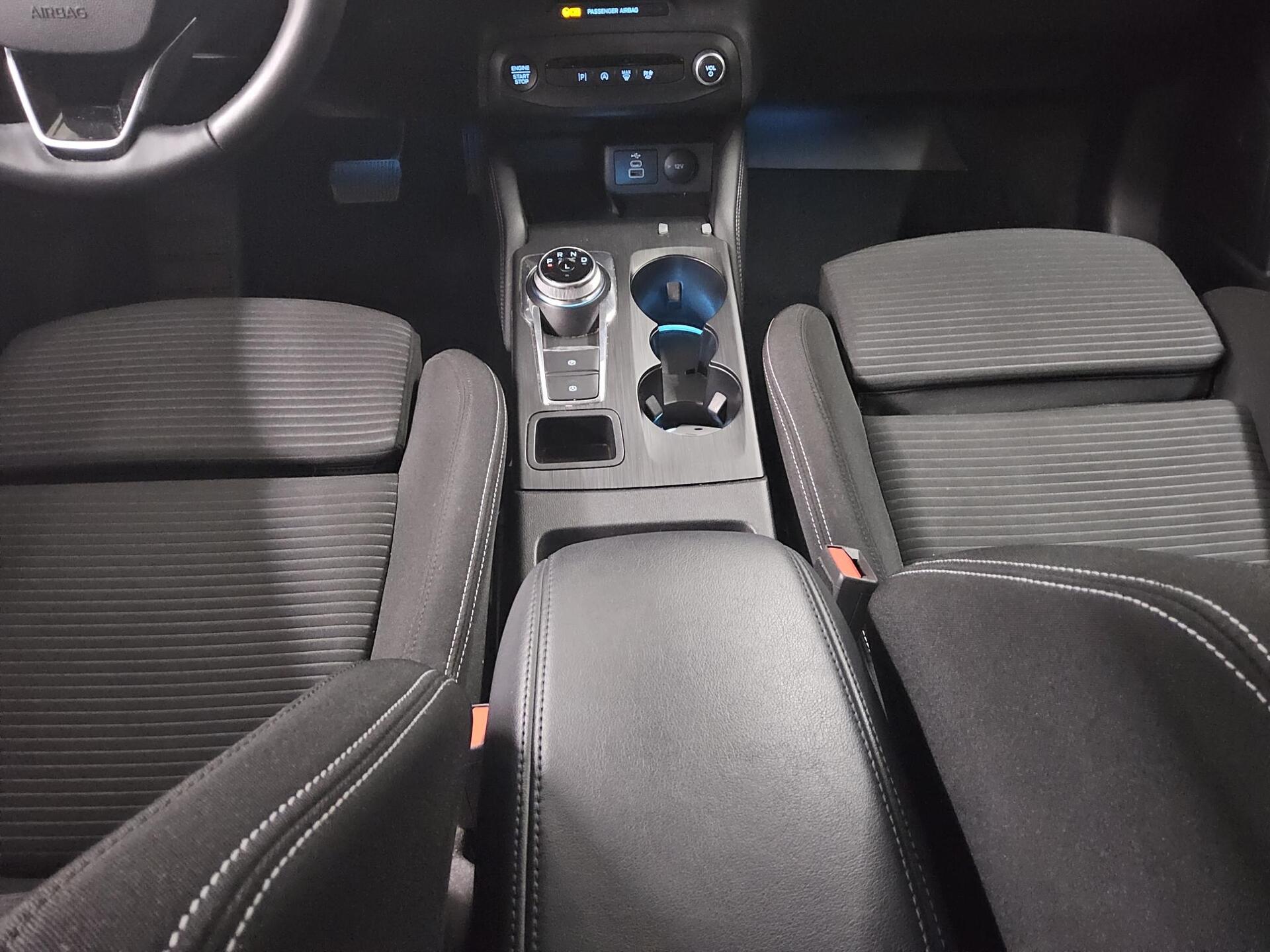 Ford Focus Turnier 1.5 EB Titanium X Navi LED RFK AHK 6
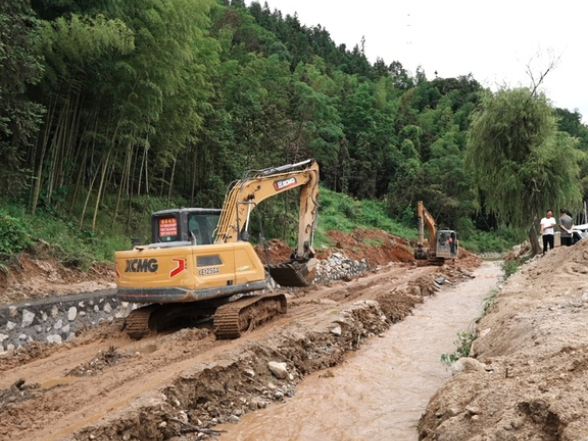 聚焦灾后重建 ▏八面山瑶族乡：完成河道疏浚31公里、护岸14公里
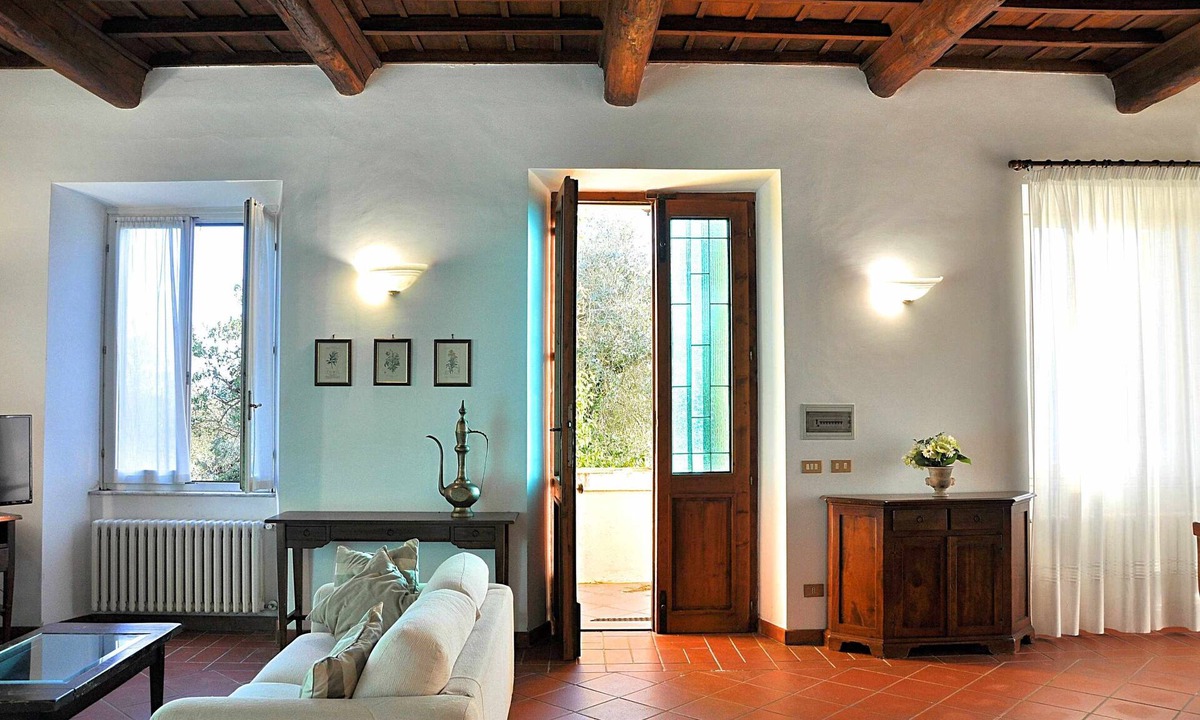 Capranica Villa | Villa Montecasciano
□ □ □
HOW TO COMPLETE THIS TASK:
Find the line with "聚焦灾后重建 ▏八面山瑶族乡：完成河道疏浚31公里、护岸14公里". Reproduce it and every line after it through the last line above exactly, leaving out the pictures.

OUTPUT OF THE EXERCISE:
 聚焦灾后重建 ▏八面山瑶族乡：完成河道疏浚31公里、护岸14公里
 Capranica Villa | Villa Montecasciano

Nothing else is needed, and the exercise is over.